Minggu, 19 Mei 2024 06:42
flash sale baju bayi
Bonnet Sleeping Double Sensyne Extendable Wireless Compatible Android Children Camcorder Silicone JBL Tune 510BT Ear Headphones

Deflasi Dan Kesejahteraan Petani Sumatera Utara

Medan (utamanews.com)

Oleh: Erfin Triyaman Harefa, SST (Statistisi Alumnus Sekolah Tinggi Ilmu Statistik, sekarang bekerja di Badan Pusat Statistik Kota Medan).

Kamis, 02 Jan 2020 15:12

Istimewa
Erfin Triyaman Harefa, SST
Fenomena naik atau turunnya harga barang/jasa selalu menjadi pusat perhatian khalayak ramai dan perbincangan berbagai pihak dalam mengomentari posisi pemerintah dalam menjaga harga barang/jasa di dalam masyarakat.

Baru-baru ini Badan Pusat Statistik merilis angka inflasi sebagai rutinitas tiap bulannya. Secara sederhana, inflasi dapat diartikan sebagai meningkatnya harga-harga barang/jasa secara umum dan terus-menerus dalam periode tertentu. Naiknya harga satu atau dua barang/jasa tidak dapat disebut inflasi, kecuali apabila kenaikan itu meluas atau mengakibatkan kenaikan harga pada barang/jasa lainnya. Kebalikan dari inflasi disebut deflasi, yang merupakan penurunan harga barang/jasa secara umum pada periode tertentu.

Angka inflasi yang dirilis oleh BPS berasal dari perhitungan Indeks Harga Konsumen (IHK). Perhitungan IHK untuk mengetahui perubahan harga dari sekelompok tetap barang/jasa yang pada umumnya dikonsumsi masyarakat. Sejak Januari 2014, IHK disajikan dengan menggunakan tahun dasar 2012 (100) dan mencakup 82 kota yang terdiri dari 33 ibu kota provinsi dan 49 kota-kota besar di seluruh Indonesia.

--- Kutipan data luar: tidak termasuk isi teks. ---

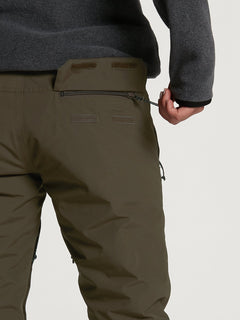 KNOX INS GORE-TEX PANT (H1252100_BLK) [29]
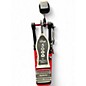 Used DW 5000 Series Single Single Bass Drum Pedal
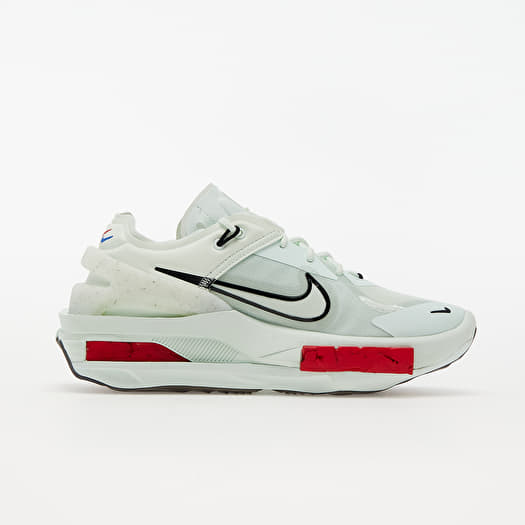 Nike w fontanka edge 2025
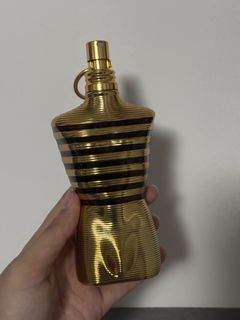（分類：）位於 。 由 Thrift_With_Meeeee 提交（商品編號 1451031339，圖片 1）。簡介： 。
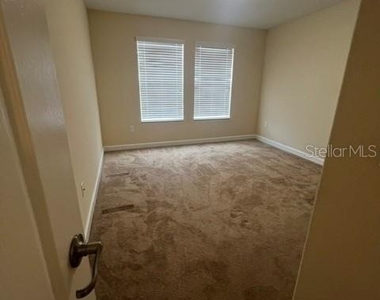7329 Auburnwood Lane - Photo Thumbnail 18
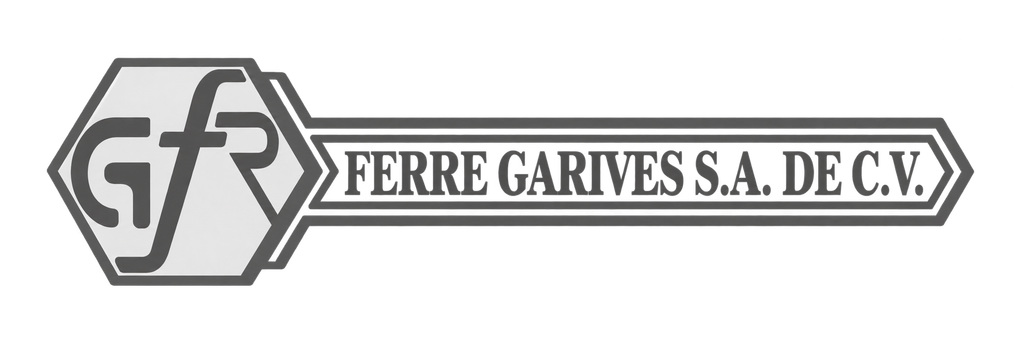 ferre garive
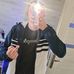 Alan Adamiak - Facebook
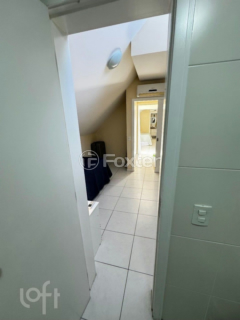 Image 30 - 970378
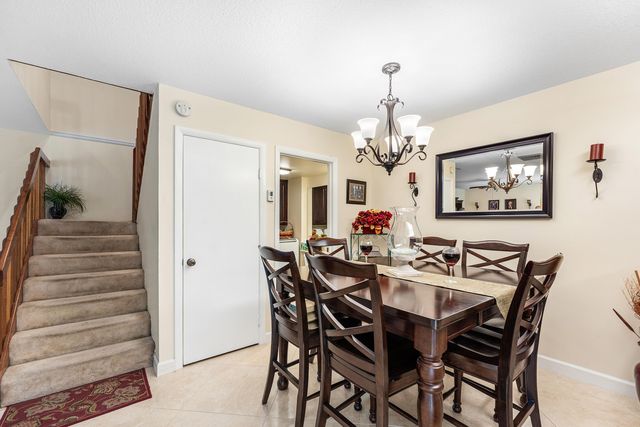 2005 20th Lane, Greenacres, FL 33463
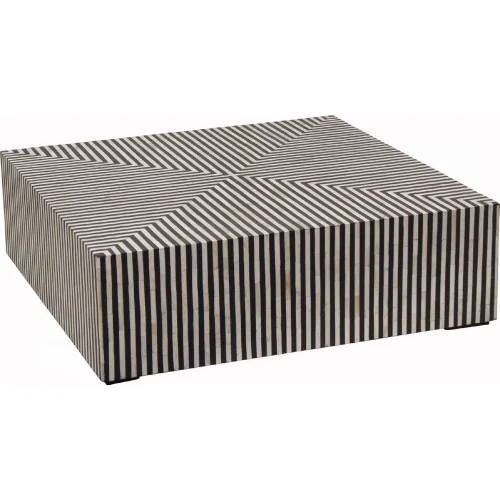 dynamichomedecor-103673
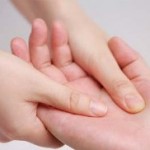 Treating Hands For Age Reversal
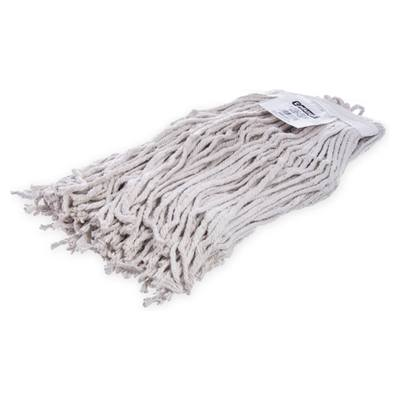 Carlisle #20 Cut-End Wet Mop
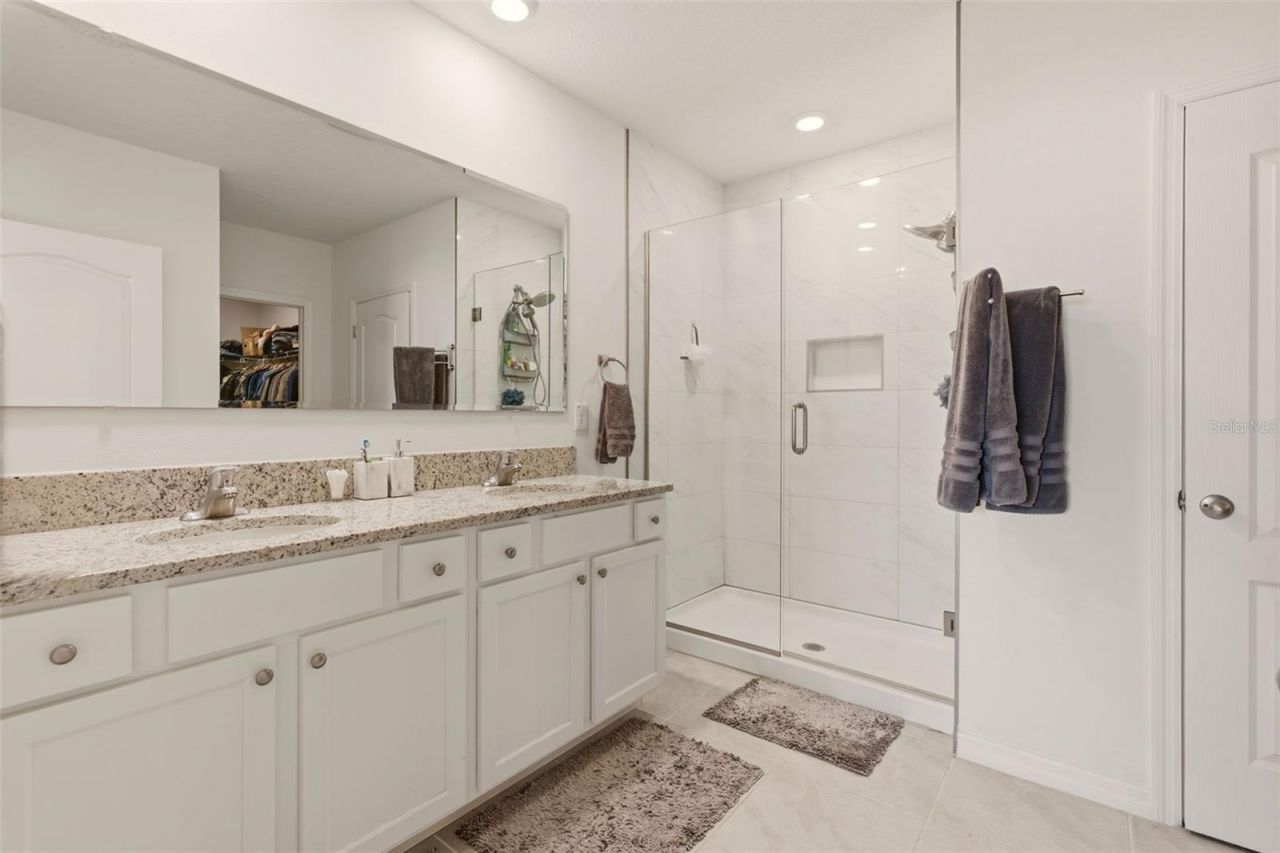 300 Winged Elm Drive, Debary, FL 32713 Photo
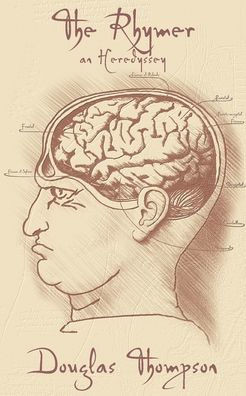 The Rhymer: an Heredyssey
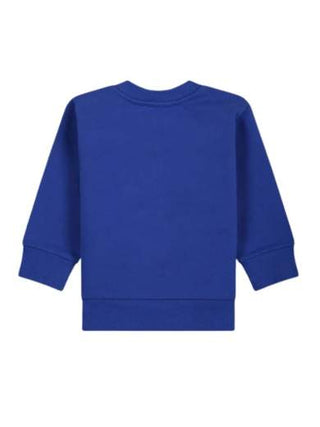 Diesel Baby-Sweatshirt K00266-0IAJH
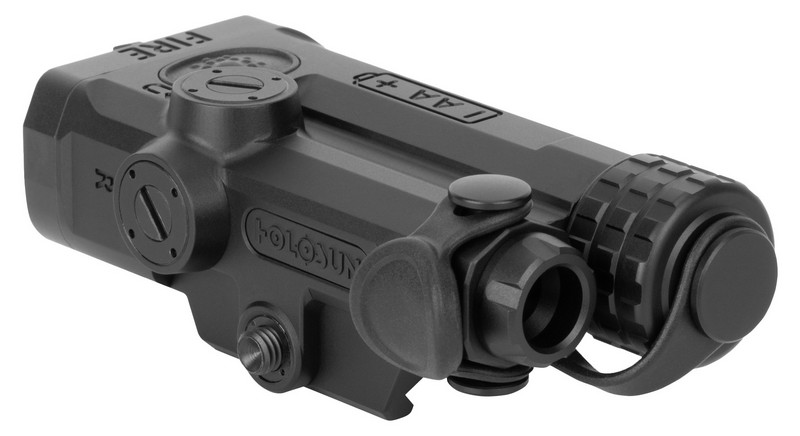 Laser Vert Puissant Pour Fronde Ou Arc – Sans Batterie, Neuf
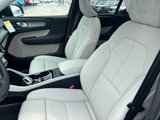 New 2026 Volvo XC40 B5 Ultra w/ Protection Package Premier image 4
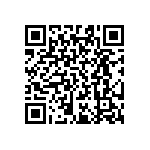 RT0603BRD071K35L QRCode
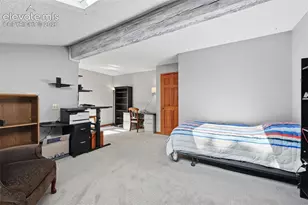 6364 Galway Dr, Colorado Springs, CO 80918 - Photo 24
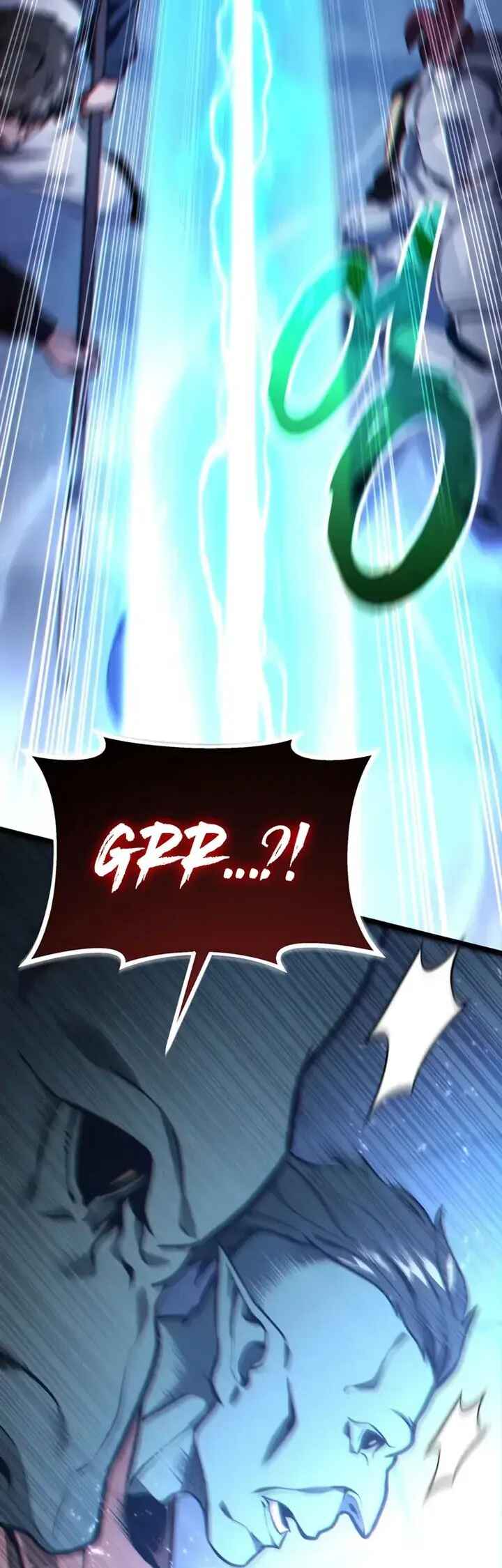 Read The Ultimate Shut In PT Manga Online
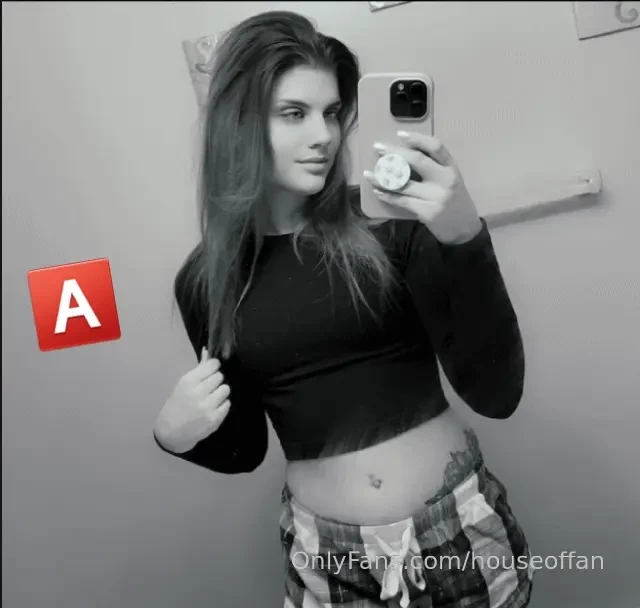 Best creators 150 total cash prize babyann211 u434191187 if you want 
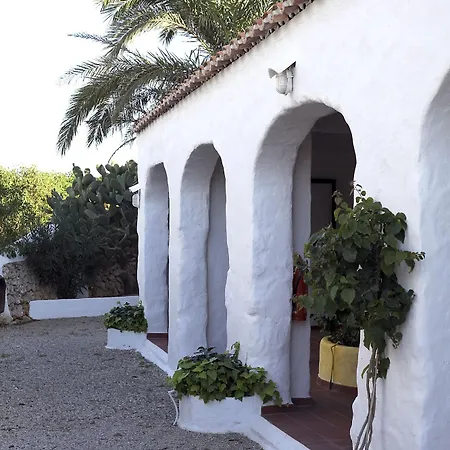 Hotel Matchani Gran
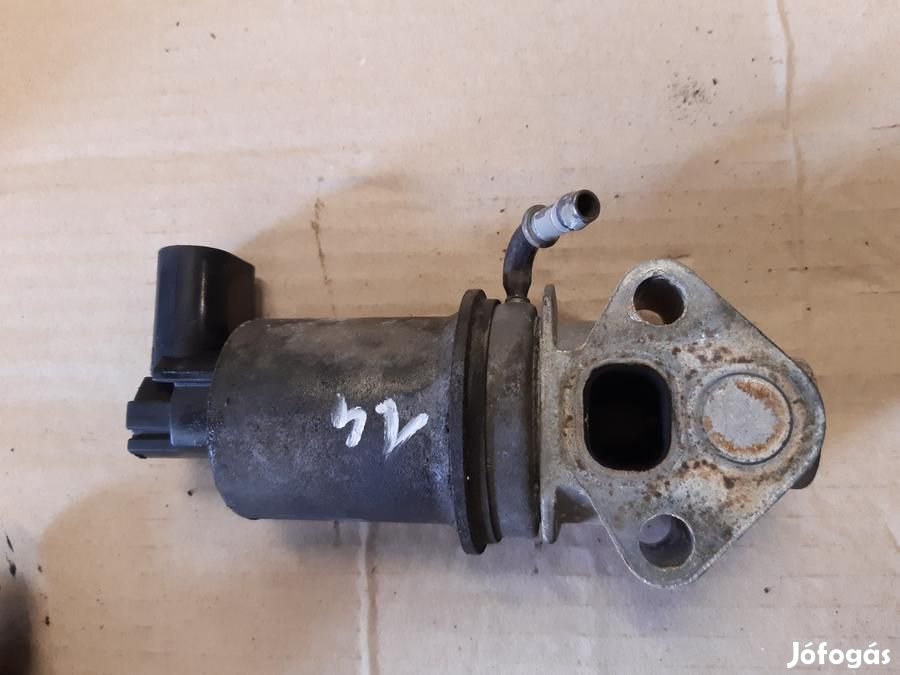 Seat Cordoba II (2002-2009) 1.4 16V  Benzines EGR Szelep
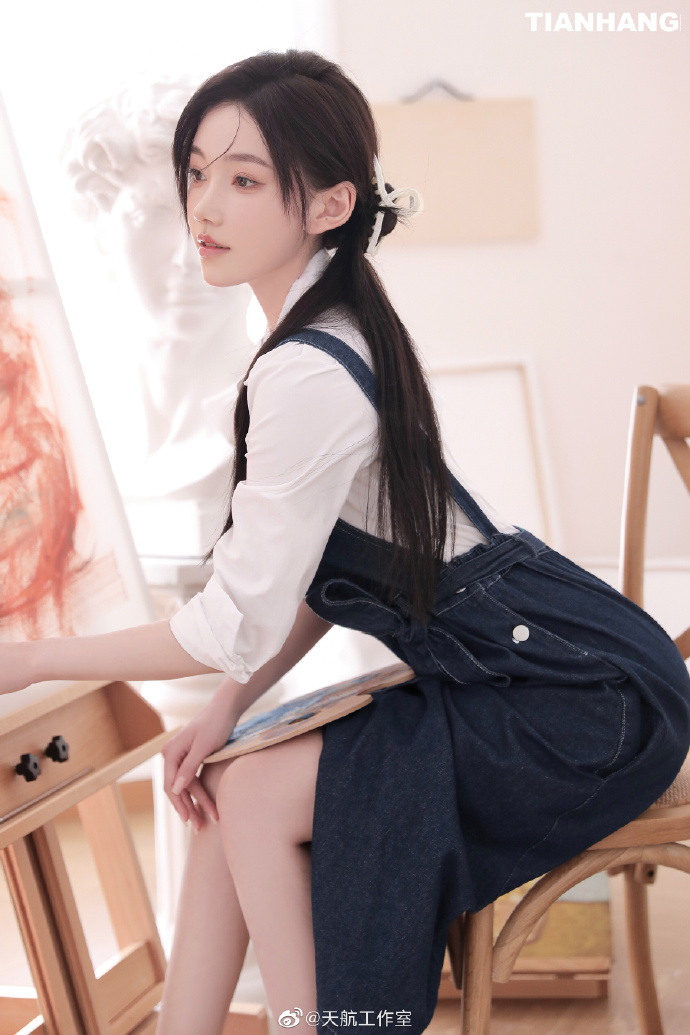 姜子牙 封面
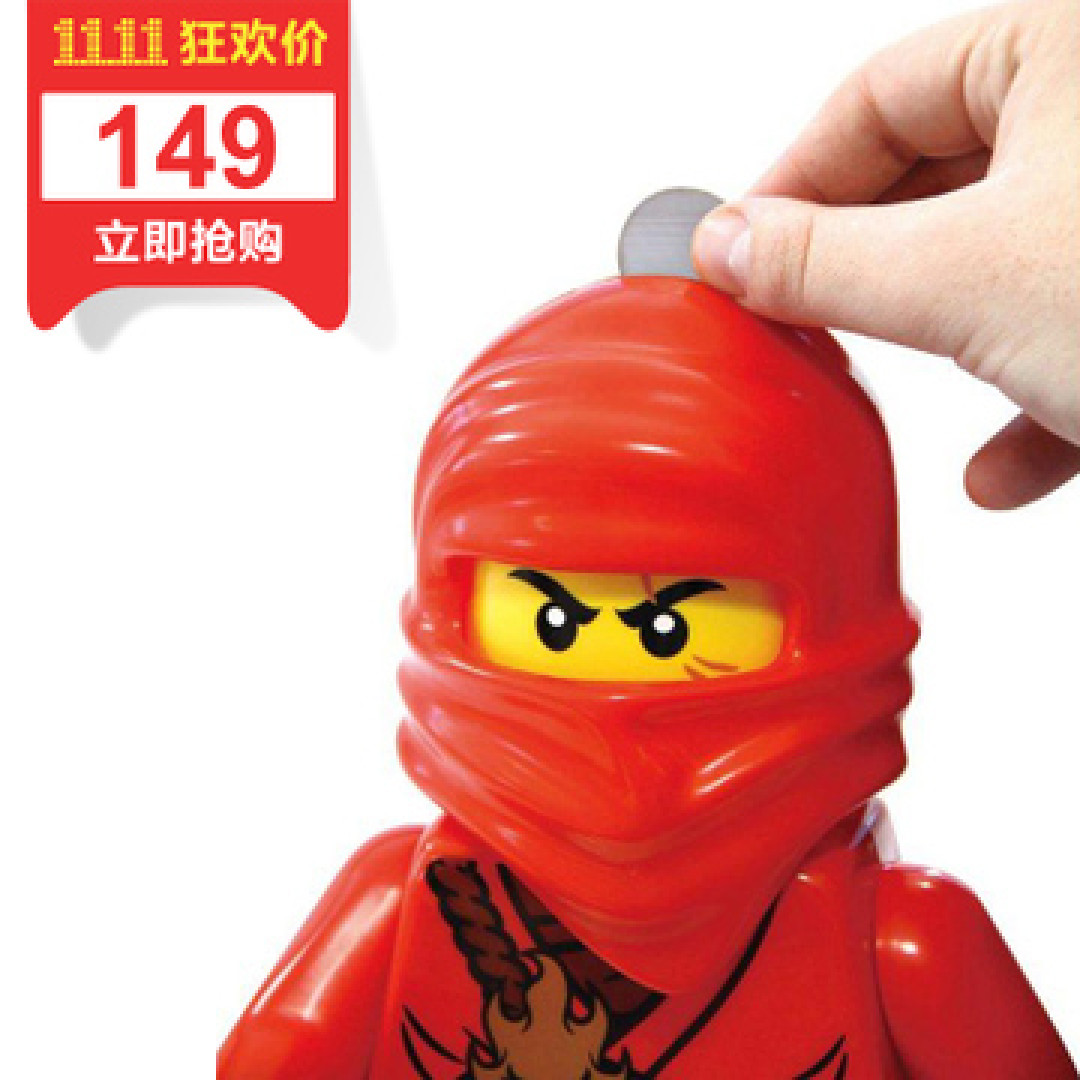#桌面故事# 签到1457天,再来晒个桌面吧!
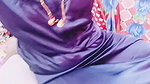 Desi best blowjob comout. Telugu dirty talks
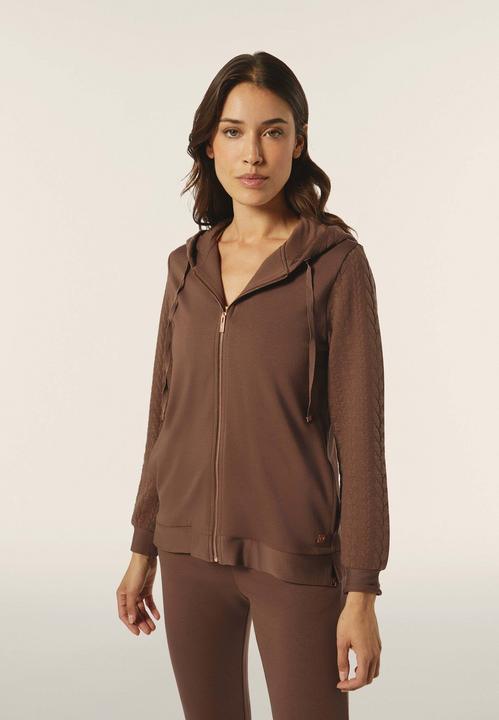Immagine prodotto Freddy Felpa F4WSLS1 (XL)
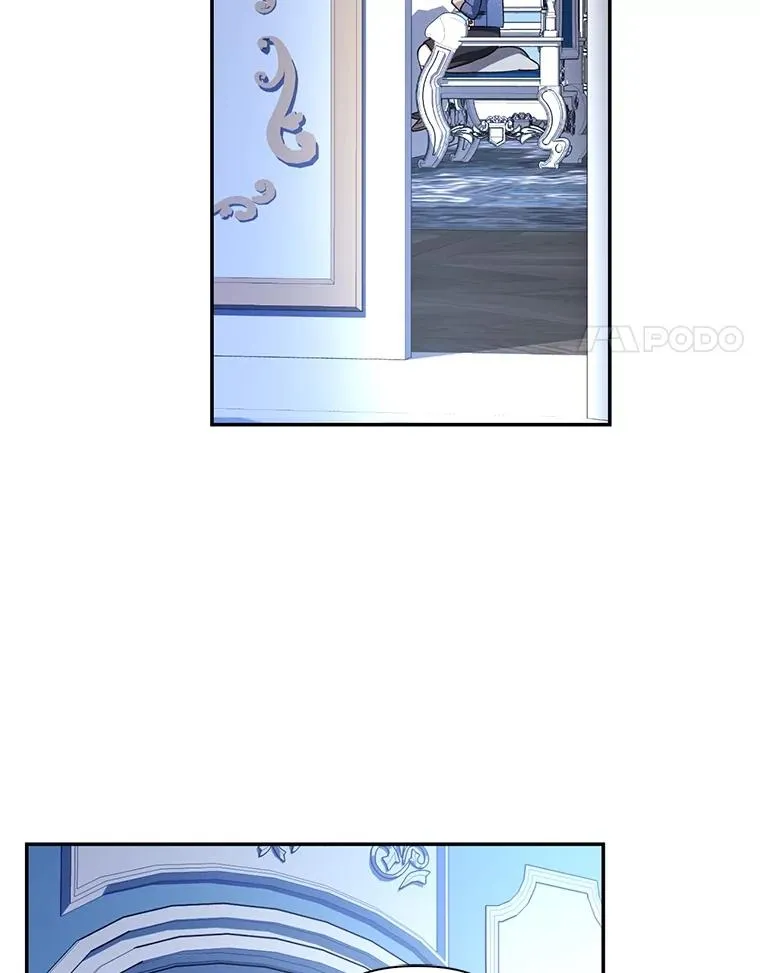 67.态度的转变 第42页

Data IHK mencakup barang/jasa yang dikelompokkan ke dalam tujuh kelompok pengeluaran, yaitu kelompok bahan makanan; kelompok makanan jadi, minuman, rokok dan tembakau; kelompok perumahan, air, listrik, gas dan bahan bakar; kelompok sandang; kelompok kesehatan; kelompok pendidikan, rekreasi dan olahraga; serta kelompok transpor, komunikasi dan jasa keuangan. Penentuan barang dan jasa yang masuk kelompok barang/jasa IHK dilakukan atas dasar Survei Biaya Hidup (SBH) yang dilaksanakan oleh BPS, kemudian akan dimonitor perkembangan harga barang/jasa tersebut secara bulanan.
Di Sumatera Utara, kota IHK terdiri dari Kota Sibolga, Kota Padangsidempuan, Kota Pematangsiantar, dan Kota Medan. Dari keempat kota IHK tersebut, Provinsi Sumatera Utara mengalami deflasi pada bulan Desember 2019 yaitu sebesar -0,19 persen, dengan kondisi Kota Medan dan Kota Padangsidempuan mengalami deflasi, artinya harga komoditas pada bulan berjalan mengalami penurunan dibanding harga bulan sebelumnya, sedangkan Kota Sibolga dan Kota Pematangsiantar mengalami inflasi. Deflasi ini bukan pertama kali terjadi, hal ini sudah terjadi selama empat bulan berturut-turut sejak September 2019.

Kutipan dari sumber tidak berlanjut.